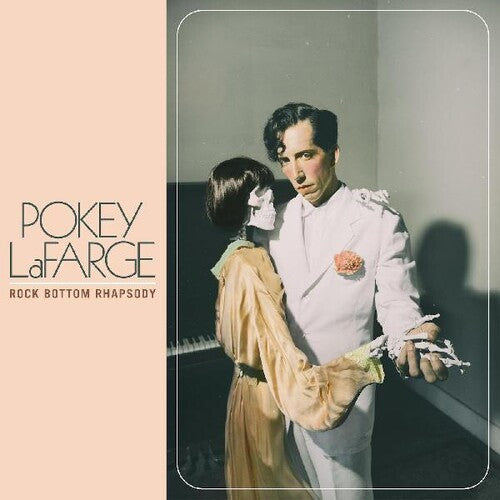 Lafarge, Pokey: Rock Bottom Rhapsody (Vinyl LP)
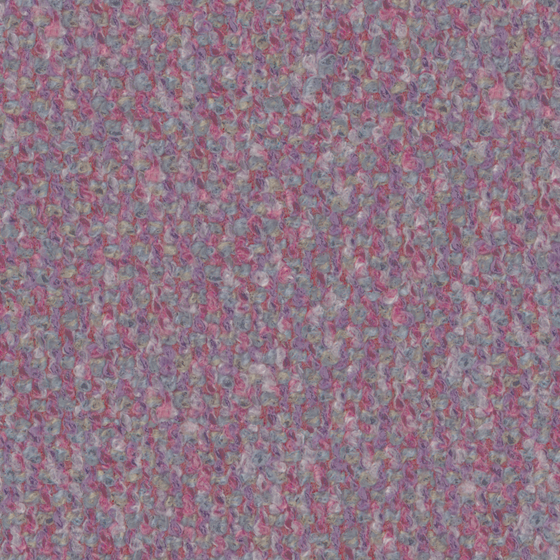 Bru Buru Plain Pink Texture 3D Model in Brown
::::
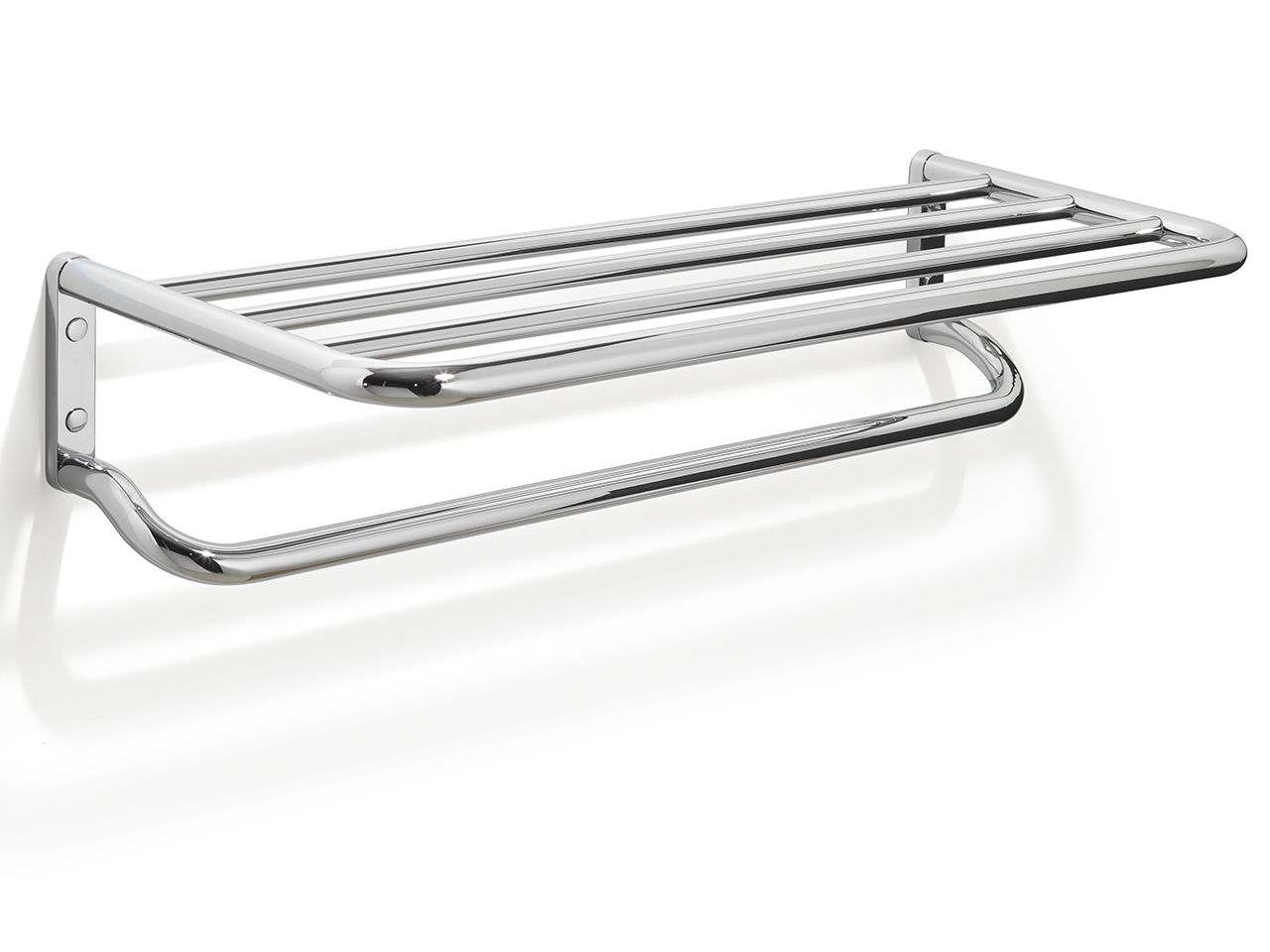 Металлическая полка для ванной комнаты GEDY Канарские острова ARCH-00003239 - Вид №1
::::
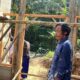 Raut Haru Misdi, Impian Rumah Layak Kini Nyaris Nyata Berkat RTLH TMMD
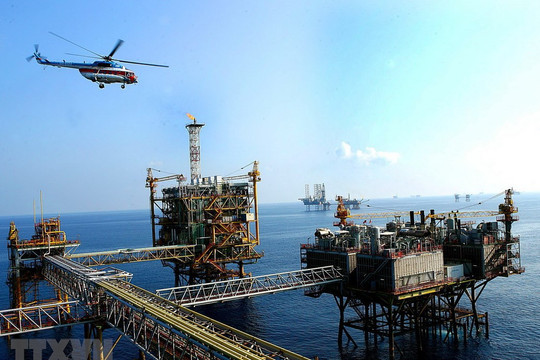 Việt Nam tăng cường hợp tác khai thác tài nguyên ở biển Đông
::::
= WORK REQUIRED =
Go to the line above that has "Raut Haru Misdi, Impian" and copy exactly from there down to the line that has "Việt Nam tăng", both included. Leave the pictures out.

= ANSWER TO THE EXERCISE =
 Raut Haru Misdi, Impian Rumah Layak Kini Nyaris Nyata Berkat RTLH TMMD
 Việt Nam tăng cường hợp tác khai thác tài nguyên ở biển Đông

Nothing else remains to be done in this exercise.